De todo lo anterior, el caso del presidente de la Audiencia Provincial de Ávila es revelador. La Comisión Disciplinaria del Consejo General del Poder Judicial dictó una sanción por haber intervenido en 400 asuntos en los que su pareja participaba como procuradora y en los que ésta habría sido presuntamente favorecida. Sin embargo, la sanción ha sido ridícula: sólo 20 días.
Por otro lado, una encuesta realizada por el CGPJ a los jueces indica que un 18% de los jueces españoles afirma que no sabe o que prefiere no contestar sobre si ha recibido presiones en los procedimientos que instruyen o que están juzgando. ¿Es posible que un 9% de los jueces españoles no sepan si les están presionando o si les han ofrecido contrapartidas por el sentido de una sentencia? ¿Cómo es posible que el otro 9% de los jueces prefieran no contestar sobre este asunto? ¿Qué hay que ocultar?

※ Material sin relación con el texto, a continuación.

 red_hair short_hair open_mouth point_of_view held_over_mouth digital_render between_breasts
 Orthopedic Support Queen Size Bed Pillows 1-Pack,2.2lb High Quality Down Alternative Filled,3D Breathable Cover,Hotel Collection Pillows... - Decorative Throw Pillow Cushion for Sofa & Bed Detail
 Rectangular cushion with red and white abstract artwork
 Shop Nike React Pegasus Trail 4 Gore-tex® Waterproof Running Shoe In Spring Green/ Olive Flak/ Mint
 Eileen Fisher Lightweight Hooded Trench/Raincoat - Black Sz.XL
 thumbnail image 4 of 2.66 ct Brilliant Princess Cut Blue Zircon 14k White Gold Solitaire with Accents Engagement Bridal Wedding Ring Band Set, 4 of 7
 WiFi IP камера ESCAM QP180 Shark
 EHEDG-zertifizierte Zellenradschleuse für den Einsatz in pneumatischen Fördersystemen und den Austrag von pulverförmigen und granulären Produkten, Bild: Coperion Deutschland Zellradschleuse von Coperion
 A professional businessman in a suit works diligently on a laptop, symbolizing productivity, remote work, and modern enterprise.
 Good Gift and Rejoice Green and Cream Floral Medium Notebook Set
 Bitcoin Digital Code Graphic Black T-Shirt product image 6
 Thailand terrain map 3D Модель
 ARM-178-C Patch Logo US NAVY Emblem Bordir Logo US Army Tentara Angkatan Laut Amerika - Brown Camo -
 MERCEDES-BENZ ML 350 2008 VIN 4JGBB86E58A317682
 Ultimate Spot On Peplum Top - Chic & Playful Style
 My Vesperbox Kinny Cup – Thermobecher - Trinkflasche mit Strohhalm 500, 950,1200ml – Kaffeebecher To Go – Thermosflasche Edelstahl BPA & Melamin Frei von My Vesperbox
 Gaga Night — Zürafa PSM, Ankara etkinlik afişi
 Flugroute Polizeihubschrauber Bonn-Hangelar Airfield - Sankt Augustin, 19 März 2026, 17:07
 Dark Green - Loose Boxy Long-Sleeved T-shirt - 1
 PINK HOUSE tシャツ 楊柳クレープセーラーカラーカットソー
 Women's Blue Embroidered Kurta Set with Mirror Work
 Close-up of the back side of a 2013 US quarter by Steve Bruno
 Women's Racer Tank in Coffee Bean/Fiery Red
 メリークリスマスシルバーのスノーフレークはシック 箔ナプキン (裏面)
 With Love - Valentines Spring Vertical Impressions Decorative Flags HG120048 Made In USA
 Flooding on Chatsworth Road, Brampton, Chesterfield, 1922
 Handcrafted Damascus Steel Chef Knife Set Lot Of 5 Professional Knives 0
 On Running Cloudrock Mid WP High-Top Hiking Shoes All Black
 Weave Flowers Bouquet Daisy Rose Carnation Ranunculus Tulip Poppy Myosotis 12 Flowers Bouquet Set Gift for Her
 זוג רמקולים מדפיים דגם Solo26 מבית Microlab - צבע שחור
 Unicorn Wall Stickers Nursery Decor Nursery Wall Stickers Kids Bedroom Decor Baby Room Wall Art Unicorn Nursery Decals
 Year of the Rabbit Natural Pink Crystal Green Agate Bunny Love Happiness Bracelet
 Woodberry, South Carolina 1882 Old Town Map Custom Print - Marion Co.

Casualmente, donde se incrementa el número de jueces que prefieren no decir nada es en el tramo de más de 31 años en la judicatura.
Por otro lado, del 21% de lo jueces que sí han reconocido haber recibido presiones, se culpa principalmente a los medios de comunicación, pero un 42% corresponden a presiones de particulares u «Otras». Además, hay un 21% sigue sin querer contestar sobre el origen de las mismas.
Mientras los jueces no juzguen a jueces con todas las garantías de independencia y transparencia, la Justicia española estará bajo sospecha. En España no hay justicia justa, sino una dictadura judicial en la que la impunidad de jueces, fiscales y poderosos está garantizada con el aval de quien está obligado a cumplir y hacer cumplir la ley.